She said one of her strengths is that she chose to live in Van Wyck and appreciates its character.

“Although I am not originally from Van Wyck, I have lived here for 40 years,” Oglesby said. “I have the perspective of living in other rural areas, as well as Van Wyck. 

“I understand the kind of community values and town structure that Van Wyck wants to form for future generations,” she said.

Richard Vaughan

A Van Wyck native, Vaughan touts his extensive experience in community leadership after moving back from Lancaster in 1997 as what sets him apart.

“I hit the ground running by becoming involved in the Van Wyck Presbyterian Church and the Van Wyck Community Development Club,” Vaughan said. “I served as president of the club for 10 years and chaired the annual Celebrate Van Wyck Festival for approximately 12 years.
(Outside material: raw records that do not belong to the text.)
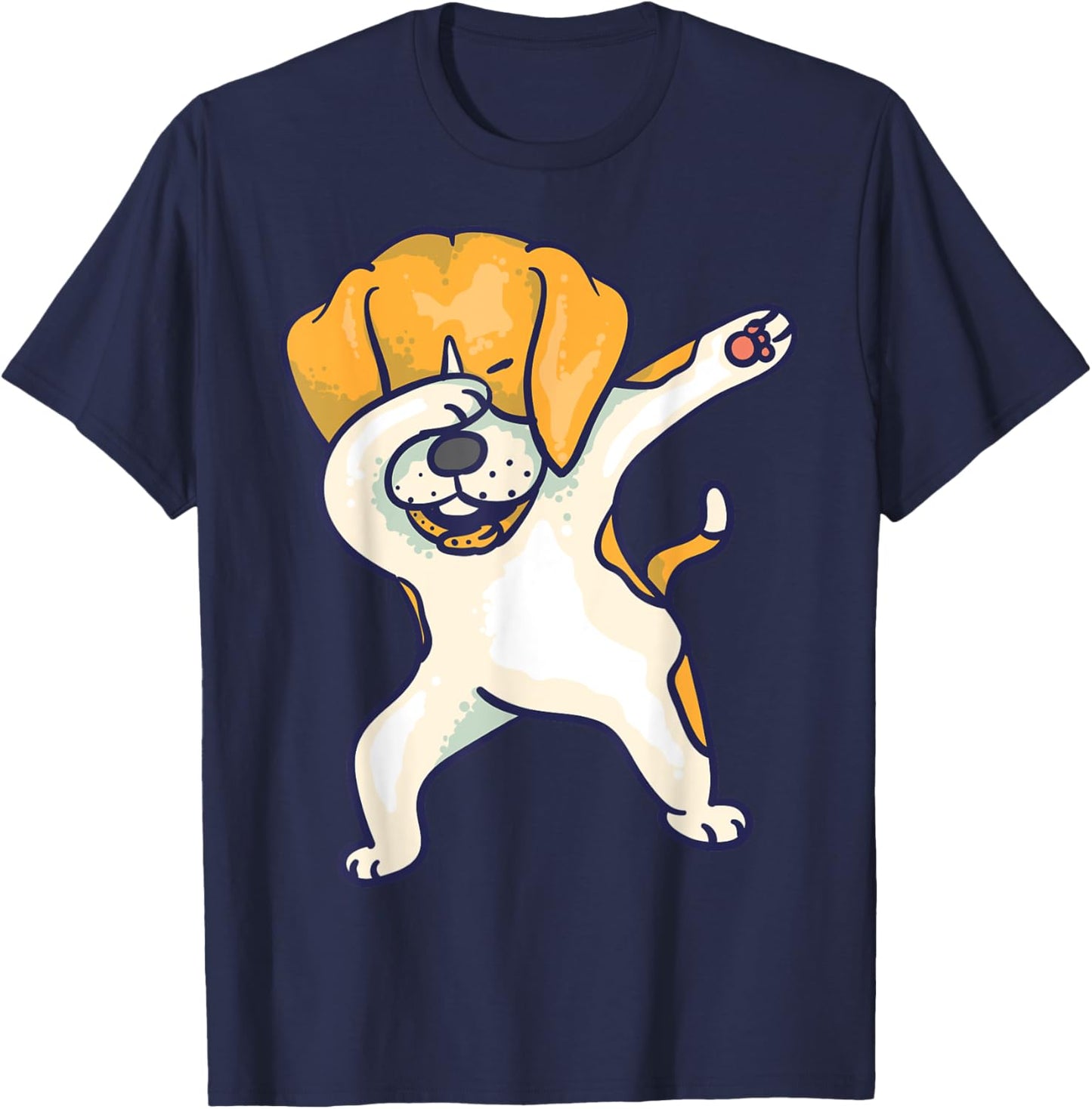 Cool Beagle Art Women Beagle Dog Beagle Lovers T-Shirt - T-Shirt | Navy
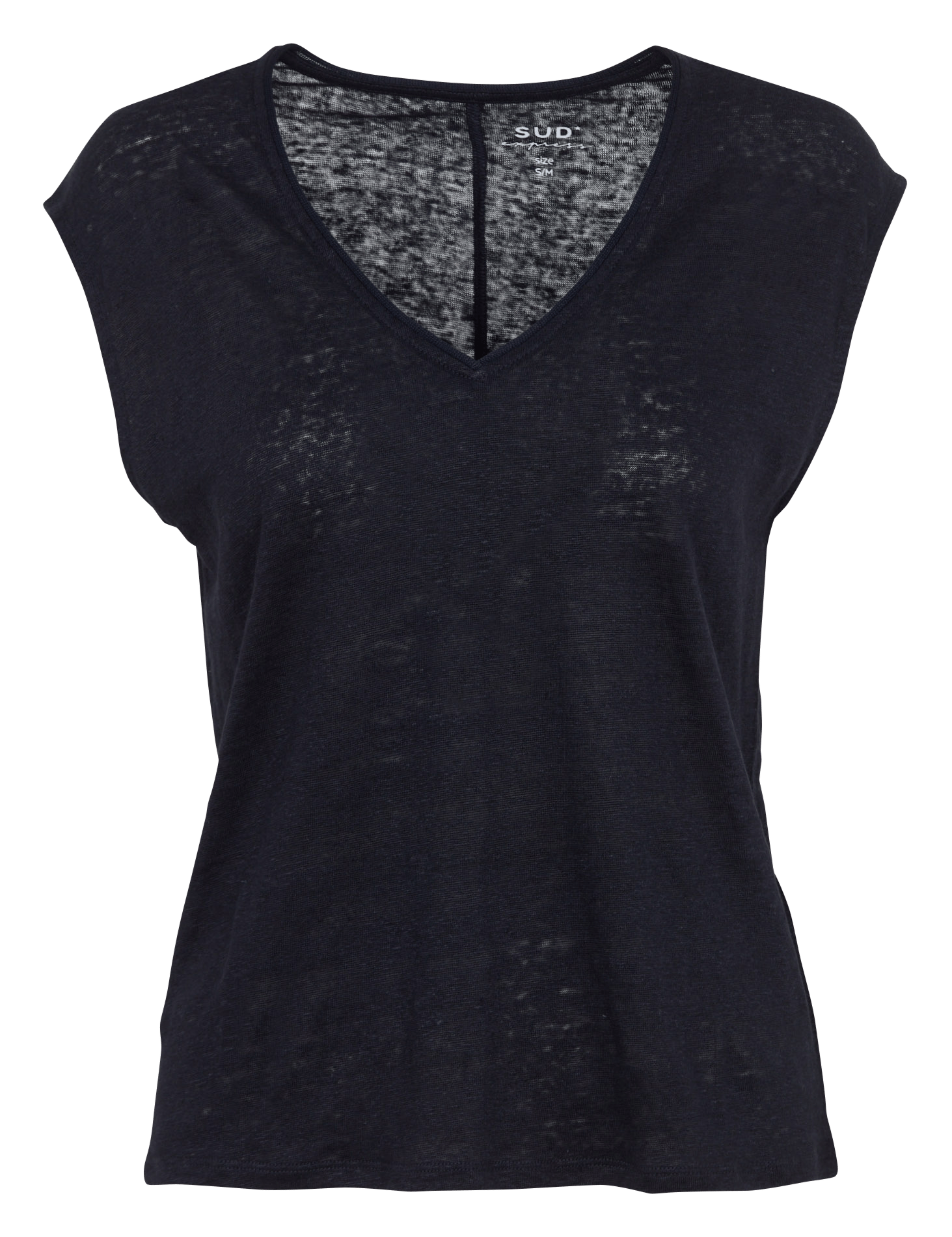 Leinen-Tanktop mit V-Ausschnitt SUD EXPRESS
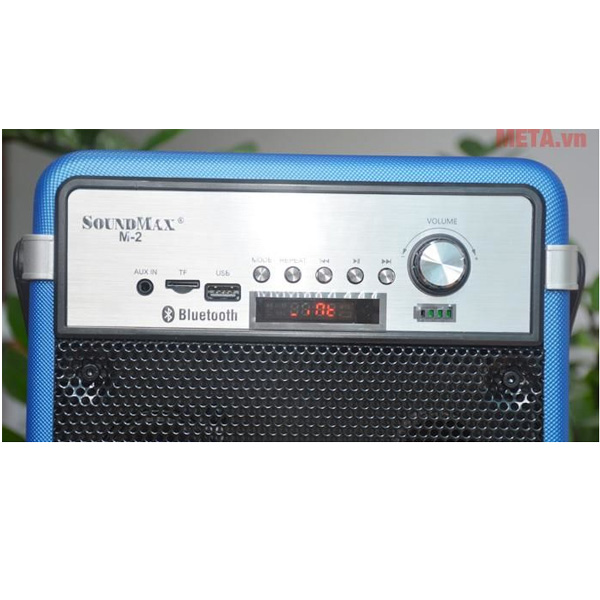 Loa karaoke xách tay SoundMax M2 kèm 1 micro không dây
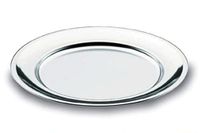 RONDE Lacor 61831 Ronde Schotel 30 cm Zilver Metaal Vaatwasserbestendig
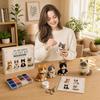 Kit Fai da Te Gatto con Perline 3D con 4 Modelli Animali Set Completo per Artigianato Include Perline Filo Istruzioni e Strumenti per Progetti Fatti a Mano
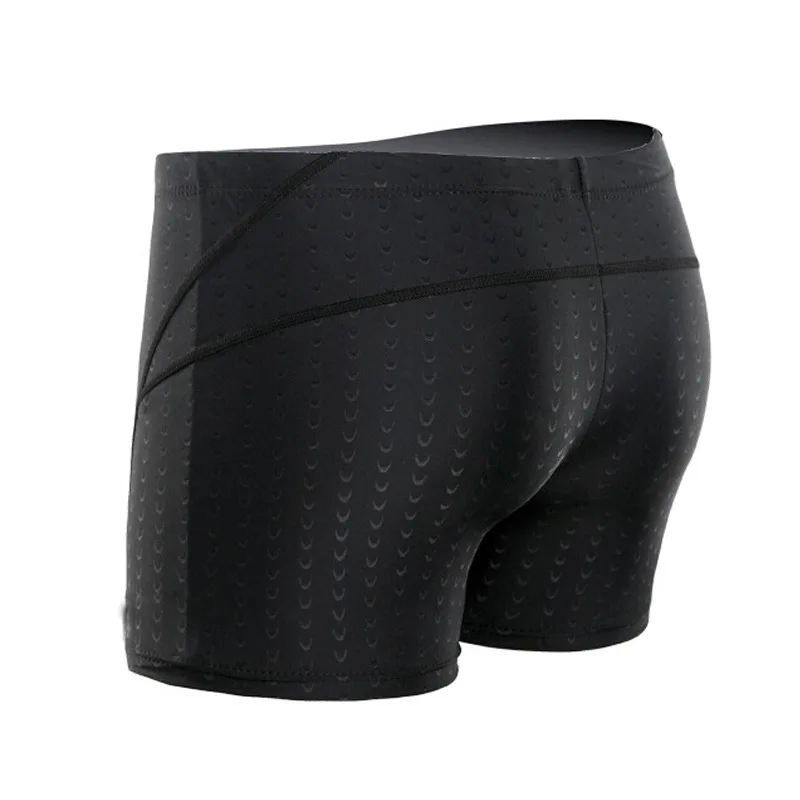 

Hot Sales Men Faux Sharkskin Swimming Trunks Quick-Dry Breathable Large Size Boxer Swimming Trunks Comfortable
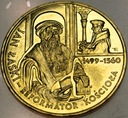 2 zł złote 1999 Jan Łaski Reformator Kościoła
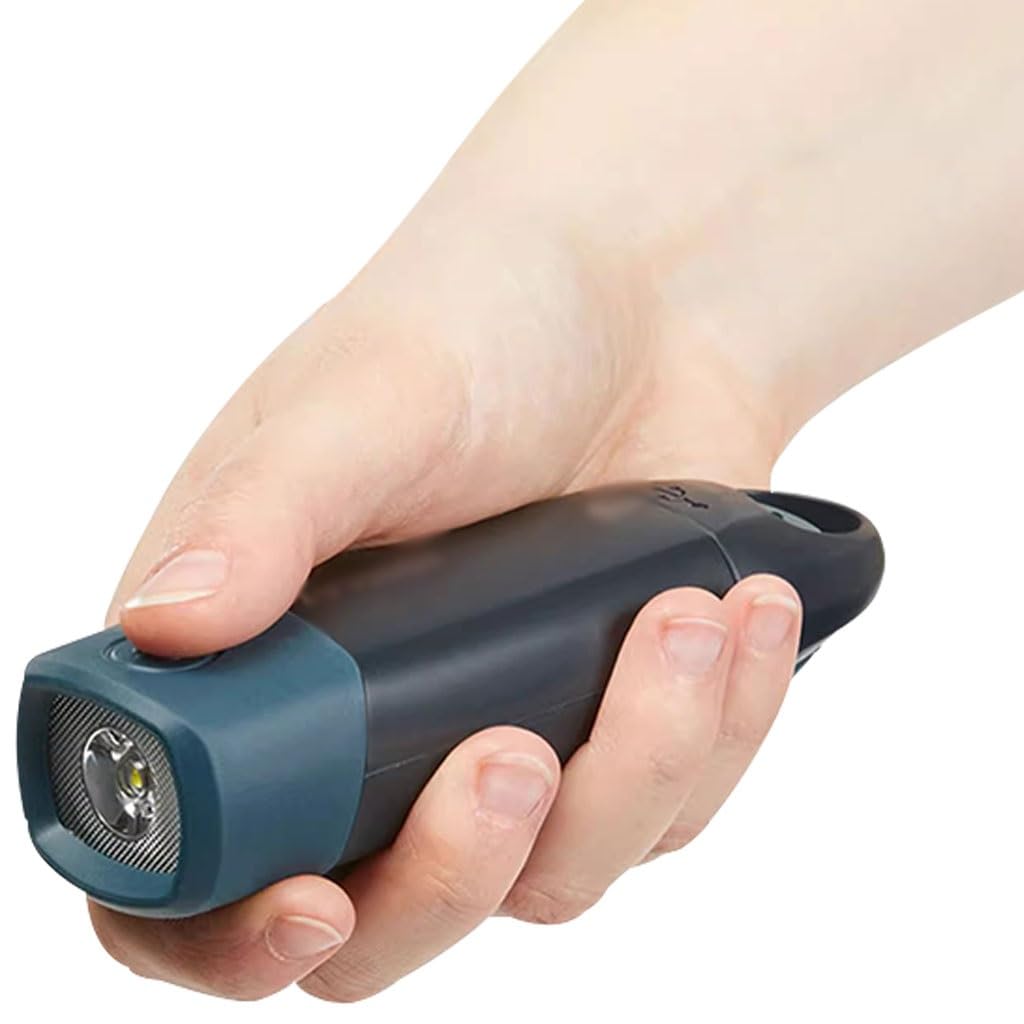 Torcia Elettrica A Manovella Per Escursioni All'aperto, Mini Torcia Elettrica Portatile, 3 Livelli Di Luce Regolabili，Ricaricabile Tramite USB Di Fabbrica(1 pcs)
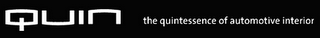 QUIN THE QUINTESSENCE OF AUTOMOTIVE INTERIOR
I was instrumental in obtaining grants for the expansion and upgrades to the community building and grounds. 

“The residents can be assured I will continue to work diligently to help our town maintain its small-town atmosphere, while being open-minded with progress and development we will be facing in the future,” he said.

Cassandra Watkins

Watkins is a janitor and a hospice volunteer. She said her only qualification is her commitment to unity and success of Van Wyck.

"I'm not qualified, I have no political background and I'm the least of the least of all of my fellow candidates,” Watkins said. “I will have to learn as I go and seek God for wisdom and direction. If elected or not, I will continue to love, serve and pray for our community."

Turnout forecast

Hudson said only three people so far have cast absentee ballots, which is about normal for Van Wyck.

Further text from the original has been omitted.